What you have to do | Set down, exactly and only, everything from the line containing "Купить тур на Драгобрат из Одессы" down to the line containing "EXCELENTE APARTAMENTO: 9ª" in the data below; the pictures are not part of the copy.
(Data provided)
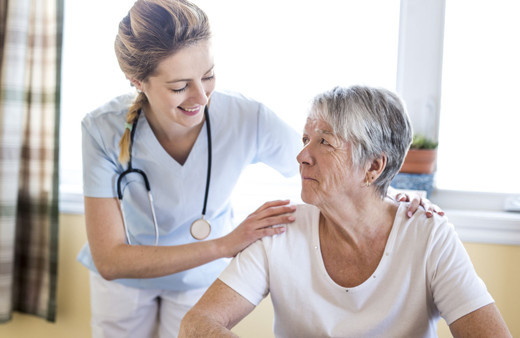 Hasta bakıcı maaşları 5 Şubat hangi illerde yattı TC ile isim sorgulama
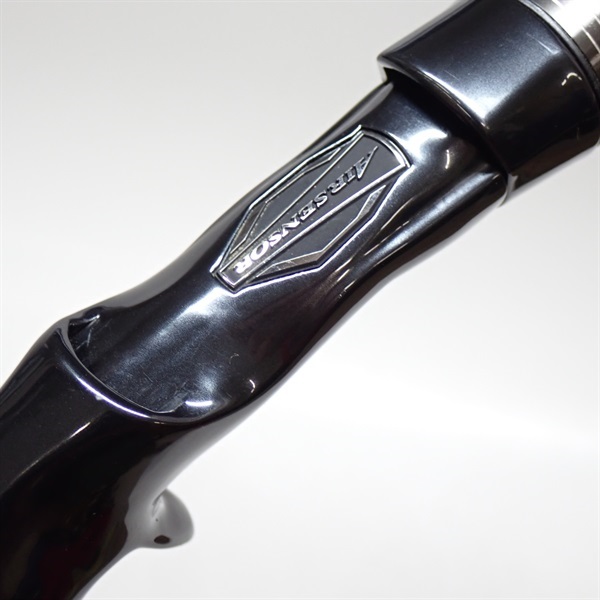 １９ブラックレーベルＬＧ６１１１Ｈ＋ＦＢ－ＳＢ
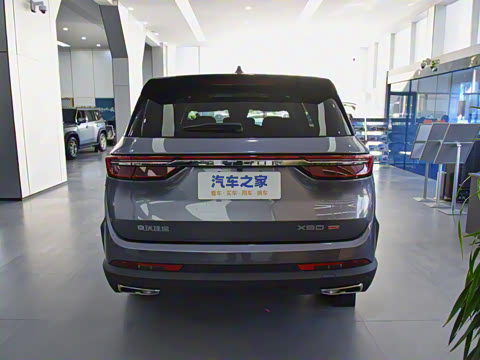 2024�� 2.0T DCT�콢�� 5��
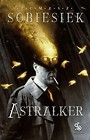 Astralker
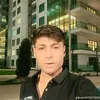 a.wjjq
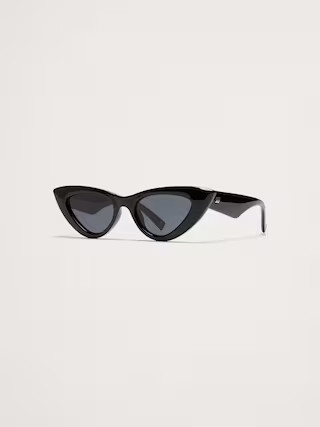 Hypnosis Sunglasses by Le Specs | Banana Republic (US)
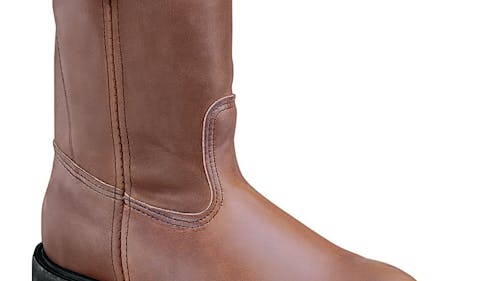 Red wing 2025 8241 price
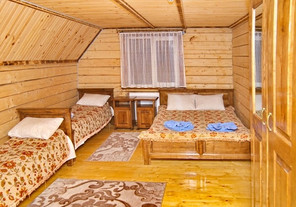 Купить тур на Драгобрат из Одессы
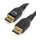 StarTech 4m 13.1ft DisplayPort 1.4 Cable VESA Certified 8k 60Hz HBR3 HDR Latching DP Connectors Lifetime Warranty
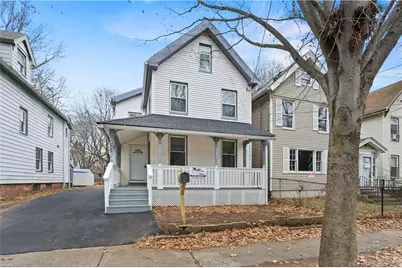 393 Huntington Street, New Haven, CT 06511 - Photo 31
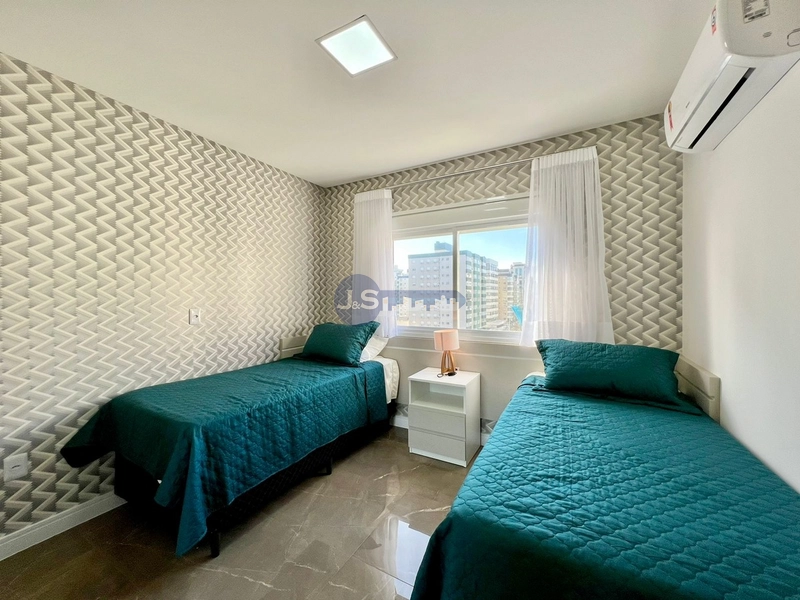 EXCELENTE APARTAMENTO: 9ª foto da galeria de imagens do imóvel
(End Data provided)
(Data provided)
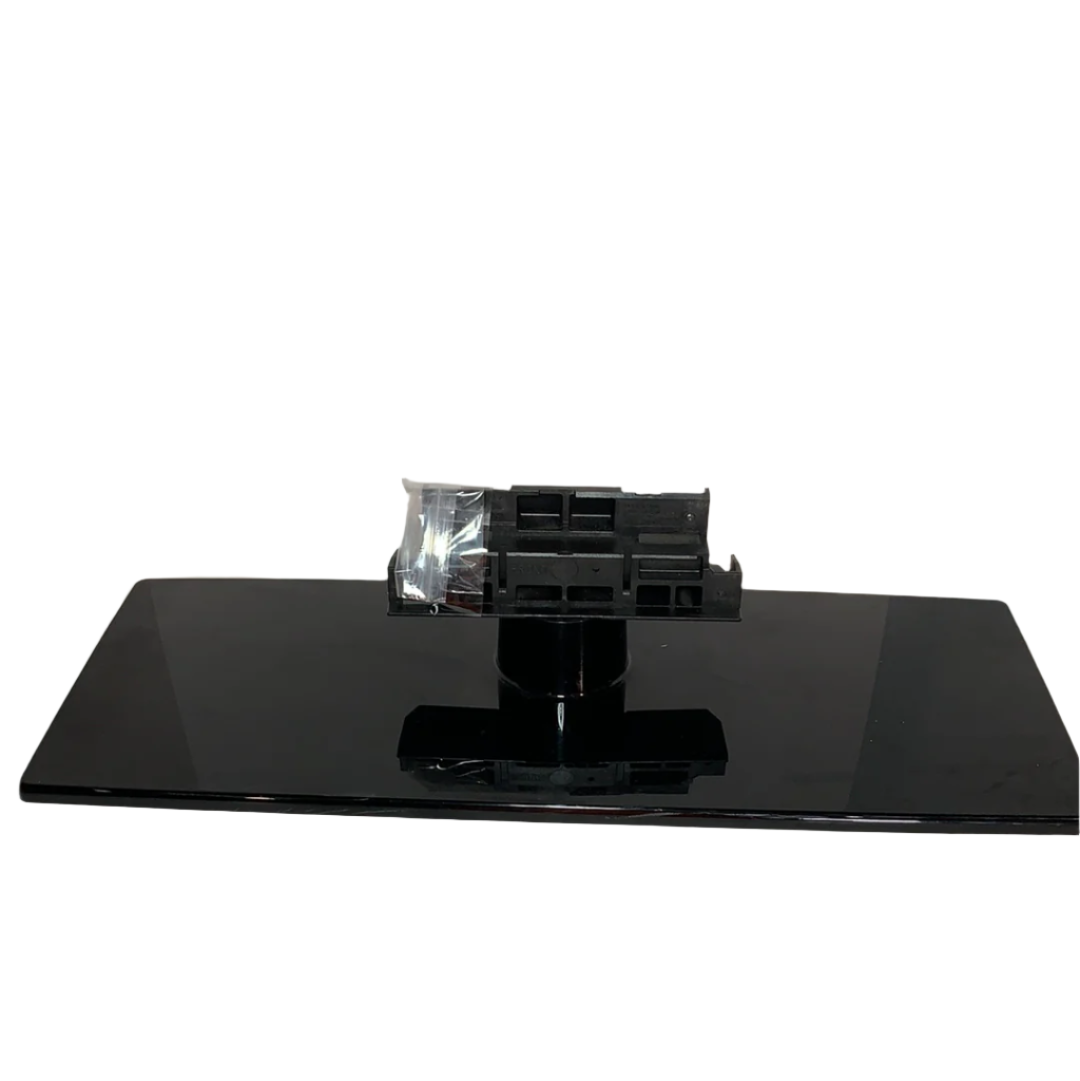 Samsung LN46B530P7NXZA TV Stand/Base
(End Data provided)
Task solution |
 Купить тур на Драгобрат из Одессы
 StarTech 4m 13.1ft DisplayPort 1.4 Cable VESA Certified 8k 60Hz HBR3 HDR Latching DP Connectors Lifetime Warranty
 393 Huntington Street, New Haven, CT 06511 - Photo 31
 EXCELENTE APARTAMENTO: 9ª foto da galeria de imagens do imóvel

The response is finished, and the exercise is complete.